I have a very simple string of the form

YYYYMMDDHHMMSS
Basically a full date/time string. Say an example is

20170224134523
Above implies

year: 2017
month: 02
day:24
hour:13
min:45
sec:23
I want to split it so that i can have it in variables (year, month, day, hour, min, sec). This is in Scala I want to. I was thinking should I use a 6-Tuple and on the right side I will use a regex or what as the most efficient way. If I want to do it in a concise way is what I am trying to think. Little bad with regular expressions. Can anyone help?

I may want to have each variable in the 6-tuple as option type because otherwise that will also do my sanity check? Say if any variable comes out as None, I want to return None from the whole method in which I am writing this.

Assuming you are running java 8 I think the clearest way to do this would be to use the java.time library to parse the string - no need to reinvent the wheel.

You can then use Try to handle exceptions and convert to Option, and then use map to access the bits of the datetime you want. Roughly like this:

import java.time.LocalDateTime
import java.time.format.DateTimeFormatter

import scala.util.Try

val f = DateTimeFormatter.ofPattern("yyyyMMddHHmmss")

val dt1 = Try(LocalDateTime.parse("20170224134523", f)).toOption
// val dt2 = Try(LocalDateTime.parse("a20170224134523", f)).toOption 

// println(dt1) // Some(2017-02-24T13:45:23)
// println(dt2) // None

val optionThing: Option[Thing] = dt1.map(datetime => {
  val year = datetime.getYear
  val month = datetime.getMonth
  // and so on.    
  someFunctionReturningThing(year, month)
}) 

Hope that helps.

Brian

How about this? Made it a case class to give it more clarity than a Tuple6 would. I also named the capture groups which helps in RegExes when there are a bunch of groups. This will safely return a None when any input is off-pattern.

import scala.util.matching.Regex

case class DateTimeStr(year: Int, month: Int, day: Int, hour: Int, min: Int, sec: Int)
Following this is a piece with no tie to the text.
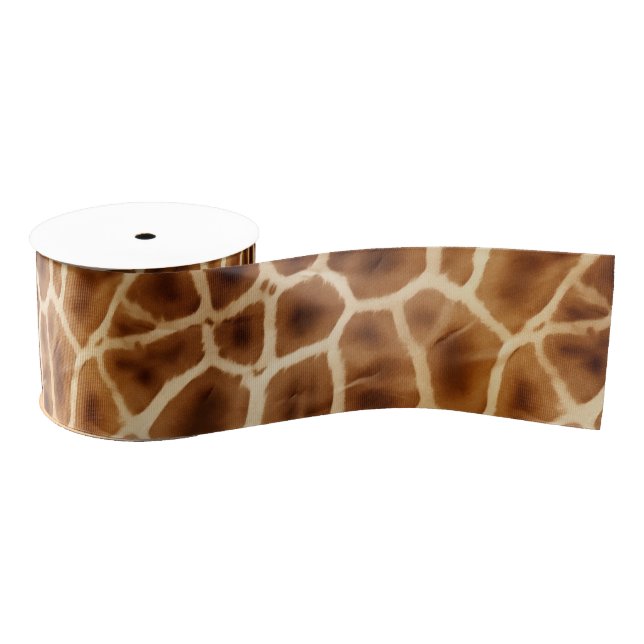 Giraffe Animal Print Grosgrain Ribbon (Spool)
def parseDateTime (dateTimeStr: String = "20170224134523"): Option[DateTimeStr] = {
  val pattern = """(\d{4})(\d{2})(\d{2})(\d{2})(\d{2})(\d{2})""".r("year", "month", "day", "hour", "min", "sec")
  pattern.findFirstMatchIn(dateTimeStr).fold[Option[DateTimeStr]](None)(result =>
  Some(
    DateTimeStr(
      result.group("year").toInt,
      result.group("month").toInt,
      result.group("day").toInt,
      result.group("hour").toInt,
      result.group("min").toInt,
      result.group("sec").toInt,
    )
    )
  )
}

parseDateTime("20170224134523")
parseDateTime()
parseDateTime("boo!")
res0: Option[DateTimeStr] = Some(DateTimeStr(2017,8,24,14,44,14))
res1: Option[DateTimeStr] = Some(DateTimeStr(2017,2,24,13,45,23))
res2: Option[DateTimeStr] = None

Thank you both. This forum is so great. I used to use stack overflow and it is also very helpful but this place is amazing. No one gives a hard time no matter how rookie the Q is and so many tricks to learn from all these answers. I am new to scala and have to deliver big features in office. I can of course get things done by writing something but these answers are a gem to learn doing things the “nice way”.
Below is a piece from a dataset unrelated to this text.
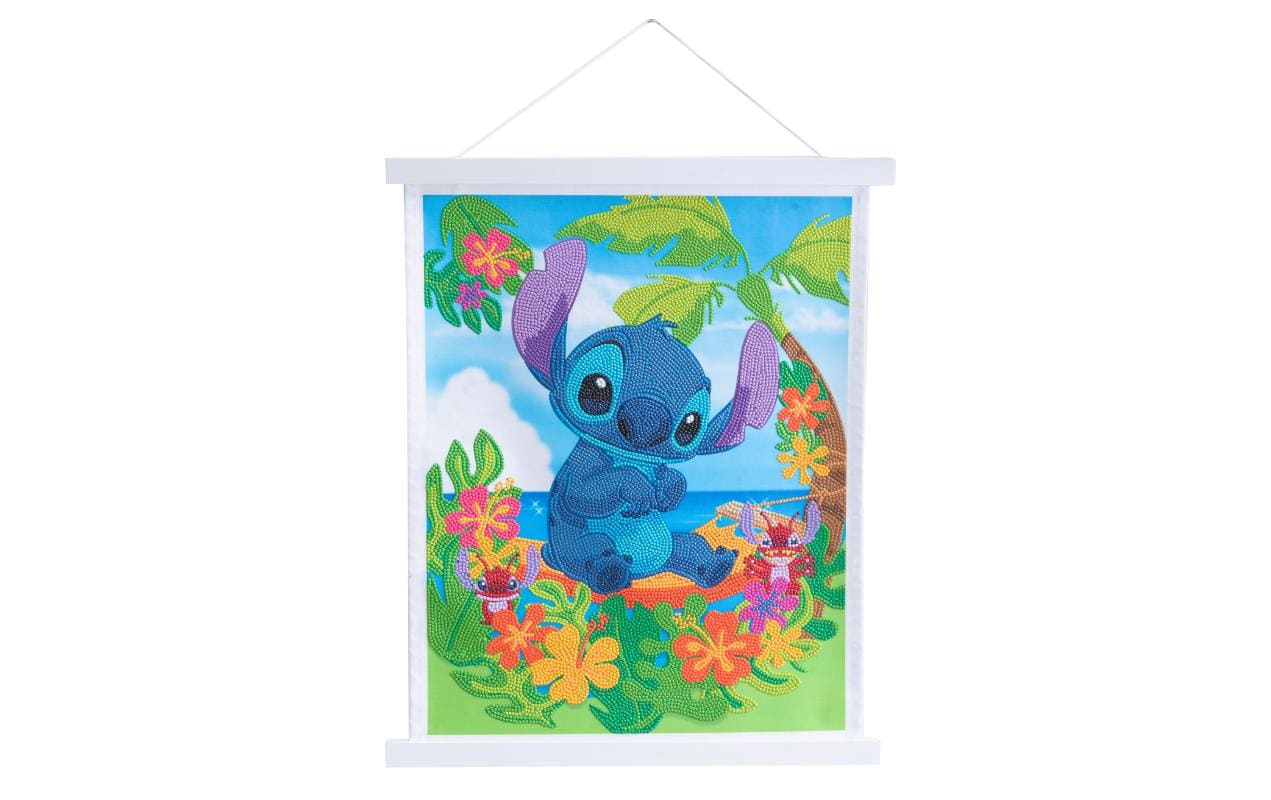 CRAFT Buddy Bastelset Crystal Art Scroll Stitch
@bentio, I want to google more about the syntax of
val pattern = “”"(\d{4})(\d{2})(\d{2})(\d{2})(\d{2})(\d{2})""".r(“year”, “month”, “day”, “hour”, “min”, “sec”)
What does the () after the “.r” really do? What is it I must read to know about that syntax

Kanwaljeet I agree about the comparison to here vs. SO.

“”“some_reg_ex”"".r is a canonical way to get a constructor of a Regex. So if you constructed it with Regex() those would be parameters to the constructor.

Read about it here: http://www.scala-lang.org/api/2.12.1/scala/util/matching/Regex.html (top of the page)

If you also meant RegEx syntax in general, I find this site invaluable for creating and debugging RegExes: https://regex101.com/ <-- The Quick Reference down in the lower right corner is super handy. I used that site to initially create and check the RegEx in my answer.

Do note that brians answer might be better if you take a less literal approach to answering your question. You are somewhat reinventing the wheel if you don’t take advantage of Java 8 Date.